→ **Exercise description**: Only the lines from the one with "OTTOD'AME DP0056 Shorts in ramiè stampato" through the last line of the records below belong in your answer, reproduced exactly and with the pictures left out.
***
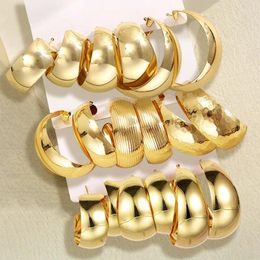 Pendientes de aro 3 unids/set Retro Metal en forma de C Semicircular Color dorado para mujer 2023 joyería de moda accesorios de lujo de boda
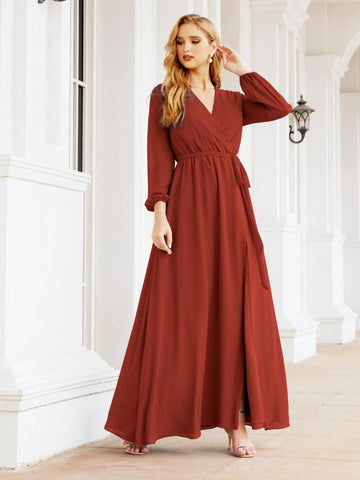 Robe de demoiselle d'honneur en mousseline Sunnderly pour femme, coupe trapèze, manches longues, robe de soirée formelle pour invitée de mariage SY28032 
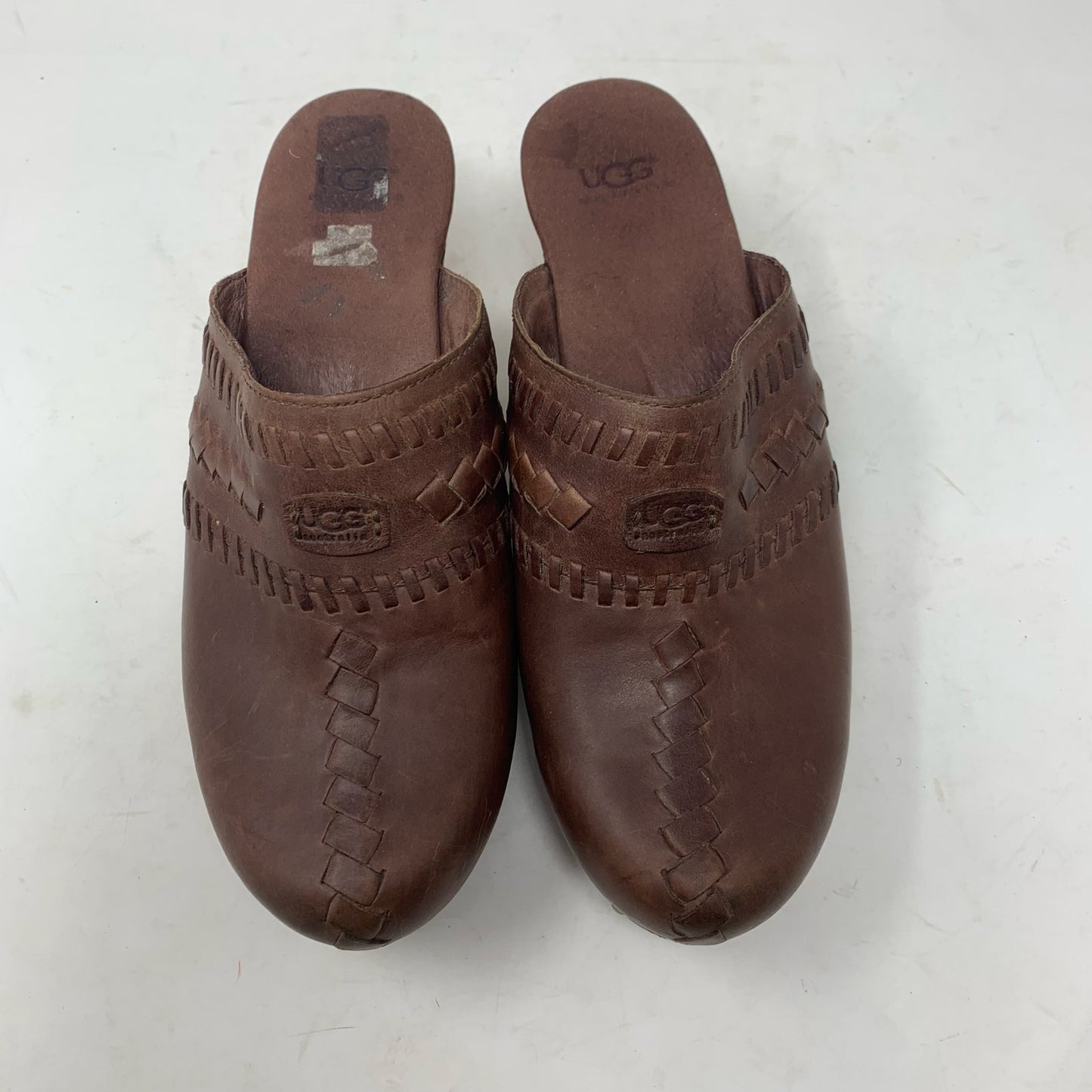 UGG Australia Vivica Brown Leather Clogs Mules Chunky Wood Sole Woven Size 8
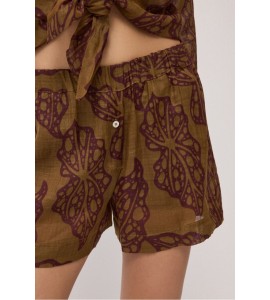 OTTOD'AME DP0056 Shorts in ramiè stampato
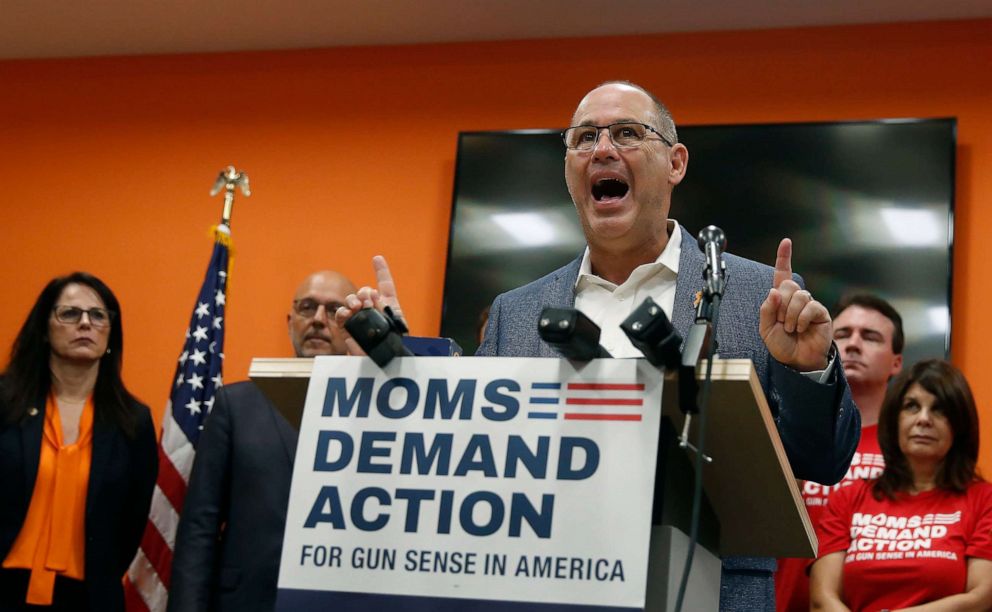 PHOTO: Fred Guttenberg, father of 14-year-old daughter Jaime Guttenberg, who was was killed in the Marjory Stoneman Douglas High School shooting, speaks during a news conference with the Moms Demand Action group, Aug. 29, 2019, in Coral Springs, Fla. 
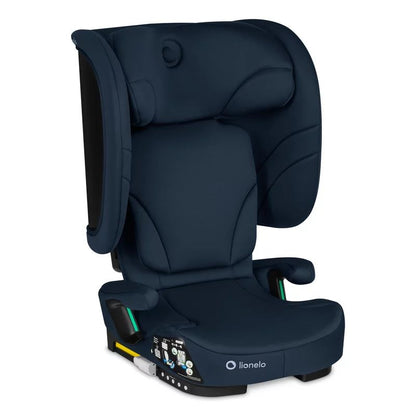 Scaun auto pliabil, Lionelo, Orin, i-Size, 100-150 cm, Tetiera reglabila in 14 pozitii, Spatar in 4 pozitii, Isofix+Top Tether, Sezut ergonomic, Husa transport, Suport sticla, Albastru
***
→ **Solution**:
 OTTOD'AME DP0056 Shorts in ramiè stampato
 PHOTO: Fred Guttenberg, father of 14-year-old daughter Jaime Guttenberg, who was was killed in the Marjory Stoneman Douglas High School shooting, speaks during a news conference with the Moms Demand Action group, Aug. 29, 2019, in Coral Springs, Fla. 
 Scaun auto pliabil, Lionelo, Orin, i-Size, 100-150 cm, Tetiera reglabila in 14 pozitii, Spatar in 4 pozitii, Isofix+Top Tether, Sezut ergonomic, Husa transport, Suport sticla, Albastru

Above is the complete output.